Ce tribunal a donné raison à l’Islande dans son refus de payer la dette réclamée par le Royaume-Uni et les Pays-Bas et a donc rejeté les plaintes déposées par ces pays. Le jugement indique clairement que ce n’est pas la responsabilité du pays où une société bancaire a son siège de couvrir les coûts des garanties de son système bancaire. Ce jugement est tout à fait conforme au droit européen puisque je le répète : rien dans les directives européennes n’obligeait les États à secourir les banques avec de l’argent public.


Venons-en à présent au volet pénal. Comment avez-vous été contactée par le gouvernement islandais en 2008 pour enquêter sur les responsabilités dans ces faillites bancaires et quels ont été les principaux résultats de l’enquête ?

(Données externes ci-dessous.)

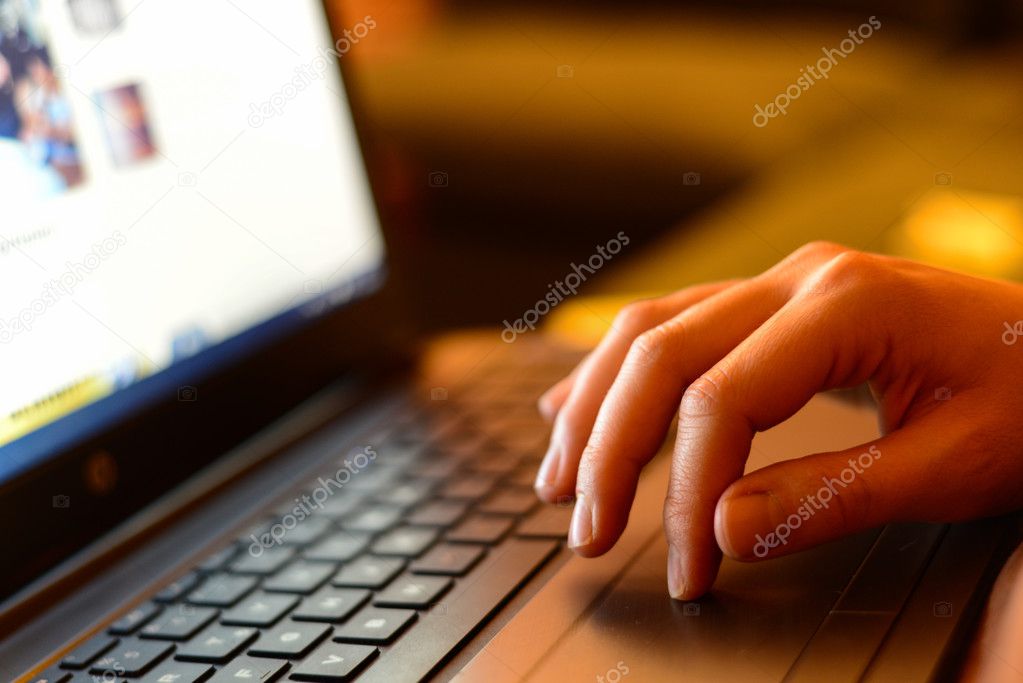 Hand on laptop touchpad business concept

À l’origine, il y a eu une émission de talk show à la télévision islandaise en 2008 à laquelle j’ai participé comme expert juridique sur les délits et les crimes financiers. Le journaliste-présentateur de cette émission m’avait invitée sur son plateau car il avait lu mon livre Justice under Siege et parce qu’il y avait une demande forte de justice de la part de la population pour identifier et sanctionner les responsables de la crise.

À la suite de cette émission, il y a eu un engouement incroyable : une page « Eva Joly » sur Facebook a été créée (en une nuit cette page a réuni 20 000 internautes !). J’ai également donné plusieurs conférences dans des Universités en Islande. Devant cet élan populaire, le gouvernement m’a demandé de le conseiller pour chercher les responsabilités pénales dans ce naufrage bancaire. Il y a donc eu une volonté politique claire des autorités islandaises poussées par la population de poursuivre les responsables de la crise financière.

Vu que le système juridique islandais est très proche du système norvégien |4|, j’ai accepté la proposition mais à la condition de disposer de véritables moyens humains pour mener l’enquête. Fort heureusement, le gouvernement a accepté et j’ai pu travailler au sein d’une large équipe de 84 personnes composée de plusieurs experts judiciaires et d’auditeurs financiers. Ma mission en tant que conseillère du Procureur spécial islandais sur ces enquêtes a duré de janvier 2009 à octobre 2010.

Avec cette équipe, nous avons pu mener des perquisitions dans les filiales des banques islandaises comme la filiale de Kaupthing au Luxembourg. Il faut souligner que cette banque empruntait auprès de la Banque centrale européenne (BCE) de manière frauduleuse, que le ratio de solvabilité inscrit dans les Conventions de Bâle n’était absolument pas respecté et que des délits boursiers ont été commis. D’autres délits sont venus s’ajouter au fil de notre enquête.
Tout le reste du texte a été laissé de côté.